Threat to Spirit of Learning
Having digested two articles, "Leaving No Child Behind at Bailey's" [Metro, Oct. 23] -- a reader's response to an Oct. 12 column by Marc Fisher -- and "No One Need Feel Left Behind by Federal Education Mandate" by Jay Mathews [Fairfax Extra, Nov. 4], I'd like to share some thoughts from the inside.
Being an educator for the past 30 years and a passionate advocate for kids, I would encourage both journalists (and politicians) to spend a month in any school and shadow a multitude of students (English as a Second Language, special education, gifted and talented, learning disabled or general ed).
By spending time behind the scenes with those impacted the most by federal regulations, they may more fully understand that although standards are a must, killing the spirit of learning (in which the arts should play an integral part) is what is in jeopardy.
The tremendous emphasis on testing often stresses out students more than anyone. A classic comment shared by one of them recently was, "Since the first grade, all we do is review, and now I'm in the fifth grade wondering when are we going to start learning?"
Much more than reviewing goes on in classrooms, but there seems to be an obscene obsession about No Child Left Behind. Jean Frey, principal at Bailey's Elementary School, is an exemplary educational role model and risk-taker due to her love for children and the learning process.
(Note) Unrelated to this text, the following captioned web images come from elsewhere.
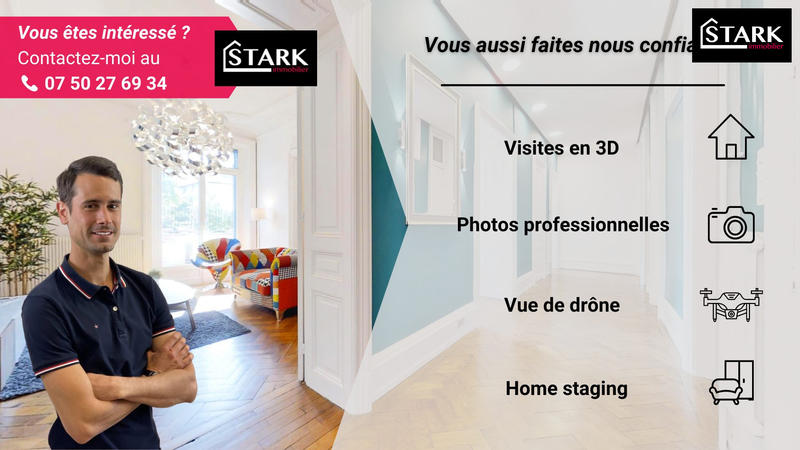 Duplex - 87 m² - 4 pièces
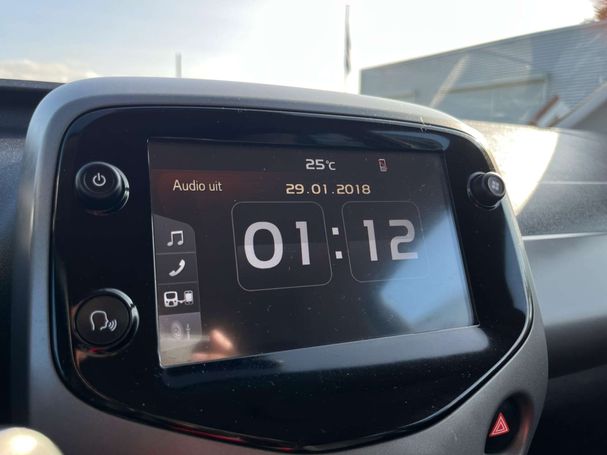 Toyota Aygo 53 kW image number 19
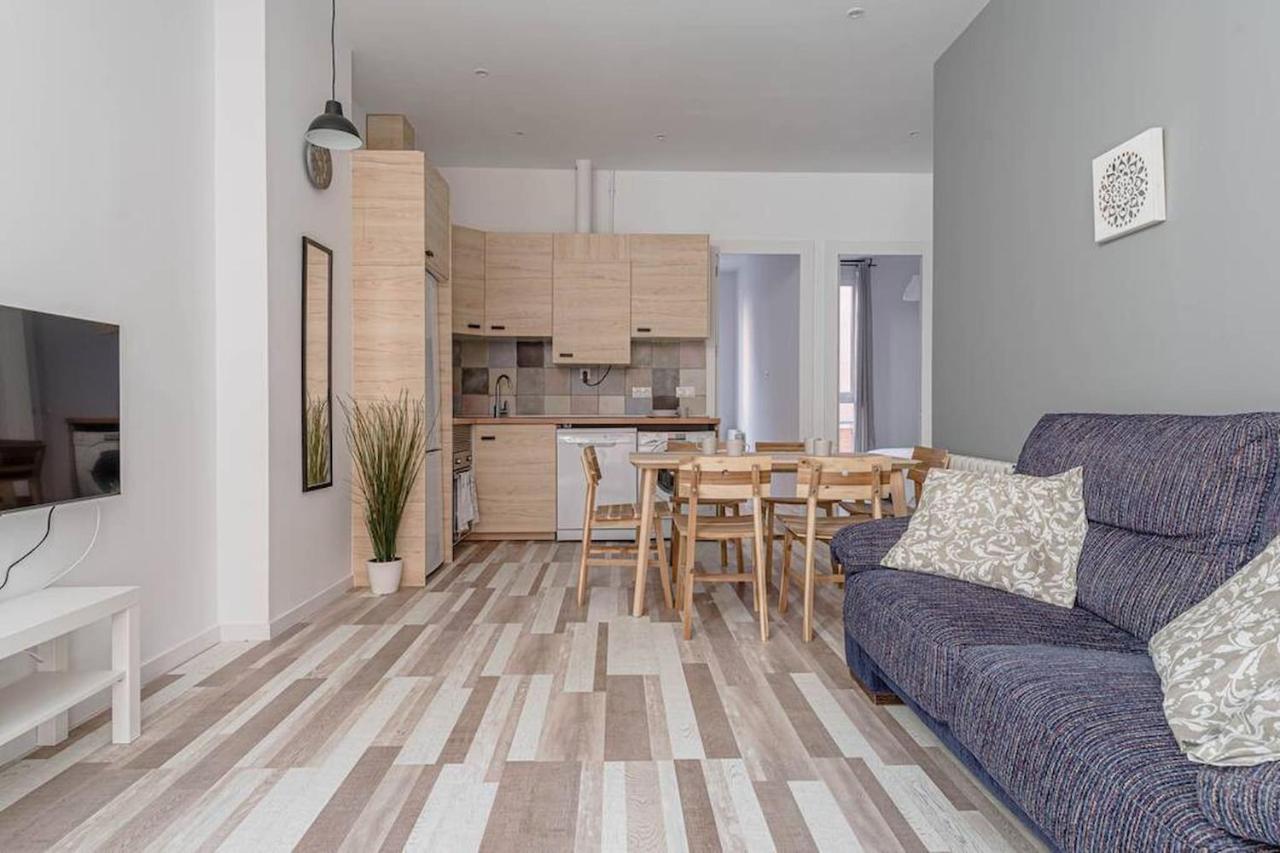 Charming And Great 3 Beds Apartment In Tetuan By Sharingco Madrid Exterior foto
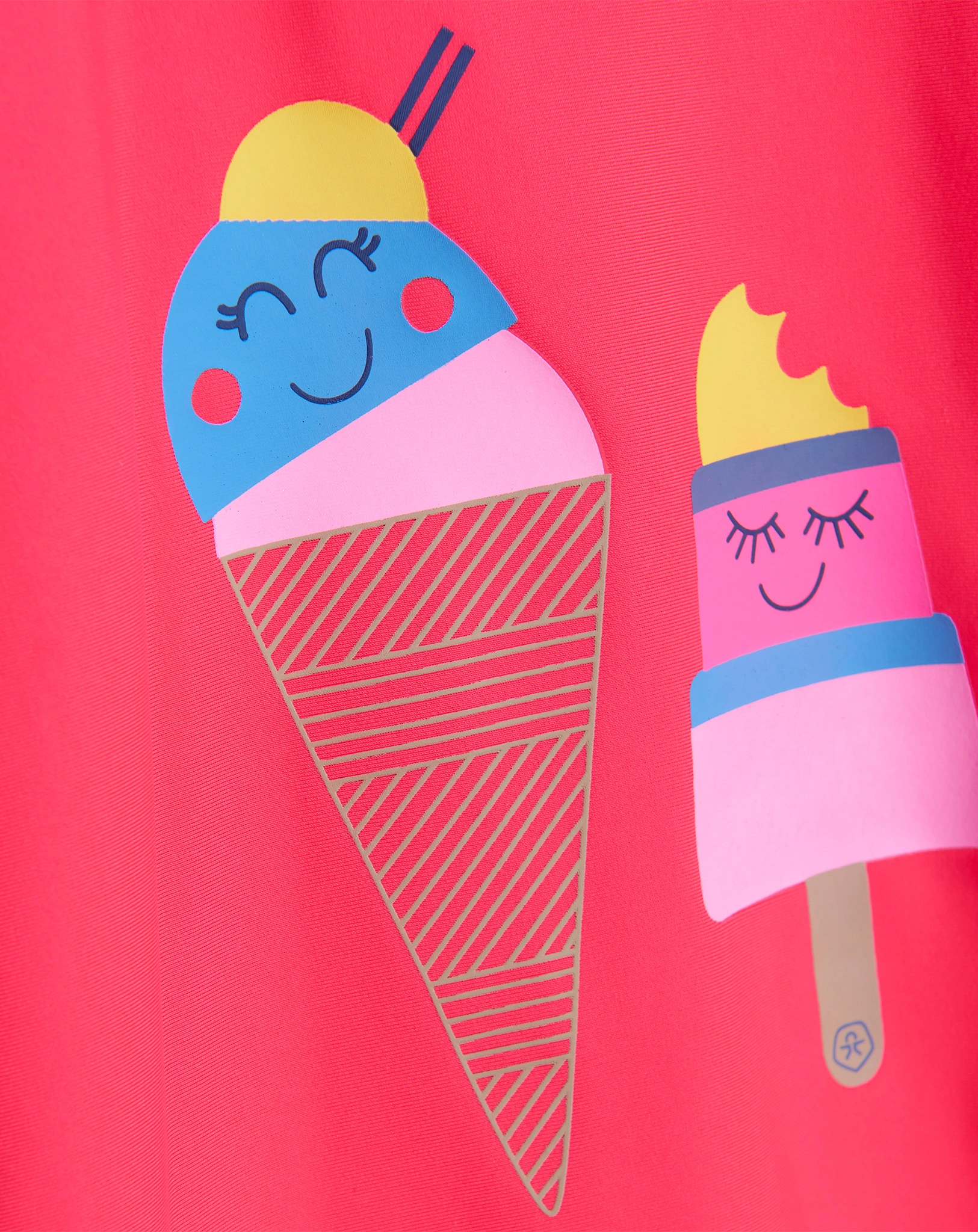 Badeshirt EIS EIS in diva pink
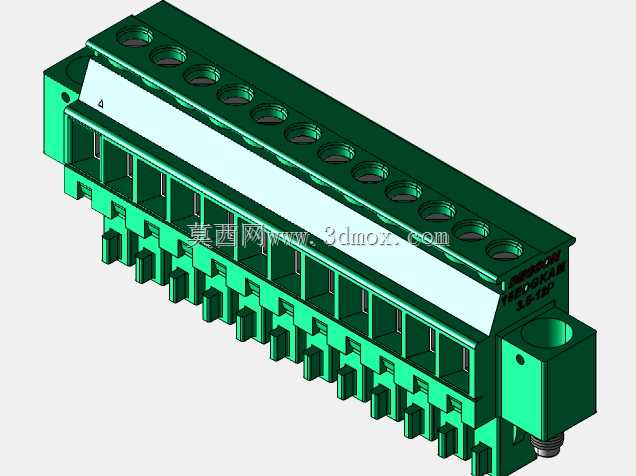 DEGSON 15EDG(M)3.5mm螺钉锁紧,可插拔接线板全套
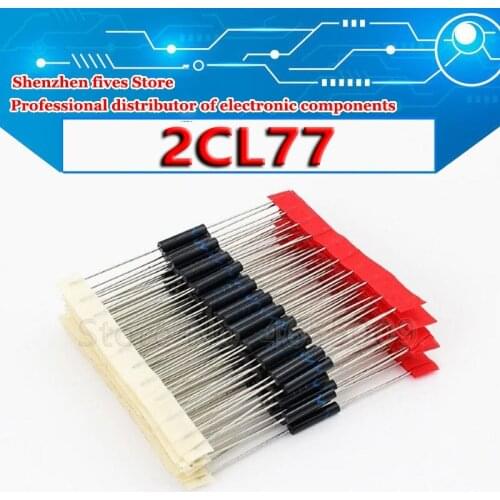 10pcs/lot 2CL77 High Voltage Diode HV Rectifier 5mA 20kV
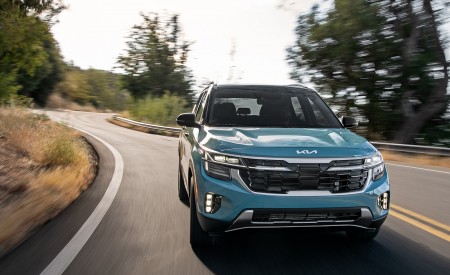 2024 Kia Seltos Front Wallpapers 450x275 (3)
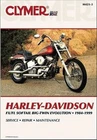 New Printed Book 1984-99 Harley Softail Fls Fxs Evo Repair Service Manual M4213. Price: $38.95.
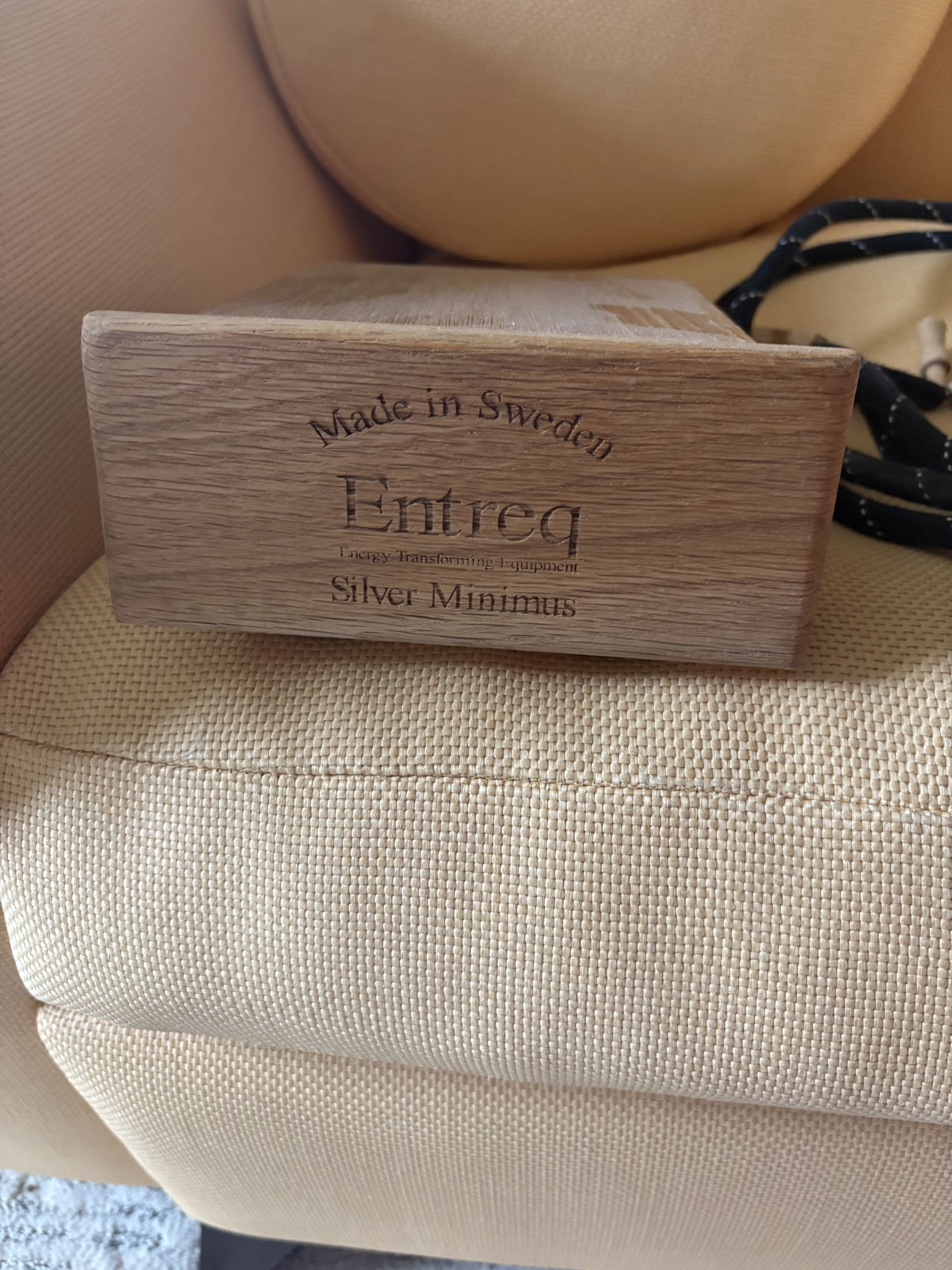 Entreq Atlantis USB and Silver Minimus Grounding Box 5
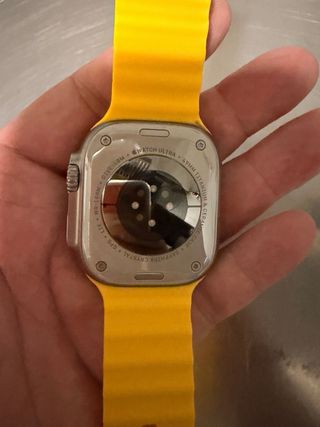 Apple Watch Ultra 1ª Gen Titanio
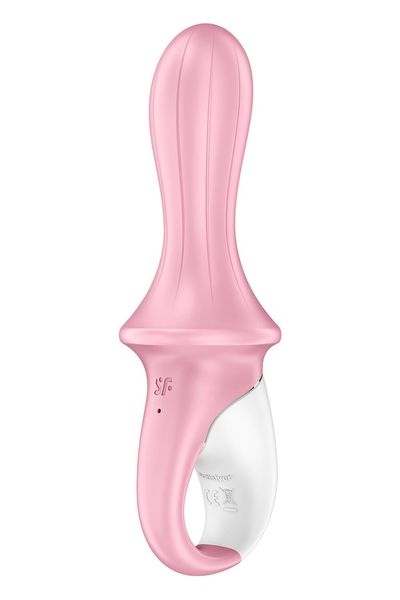 Анальний смарт-вібратор Satisfyer Air Pump Booty 5+, надувається SO6717 фото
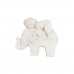 Deko-Figur DKD Home Decor Weiß Elefant Orientalisch 44 x 22 x 40 cm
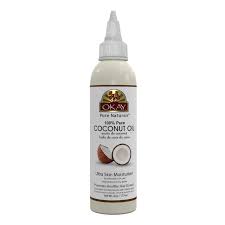 This pure coconut oil is created specifically for your beauty routine. Buy Okay 100 Pure Coconut Oil For All Hair Textures Skin Types Moisturize Massage Condition Excellent Source Of Vitamin E All Natural 6 Oz Online In Vietnam B005j9fiao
Fairfax County public schools are extremely fortunate to have many Jean Freys who are able to follow protocol and also help the curious brains that walk through the door each day reaching for knowledge.
Where we need help is with the dynamic force of teachers and administrators (especially the young ones) who try valiantly to be the essential core guiding students into the future. If assistance is not provided for them to strike a balance with basics and creativity, the future of education will look very bleak indeed.
Teaching truly is a challenging task. When mandates are made, they need to be backed up with time and money -- lots of it.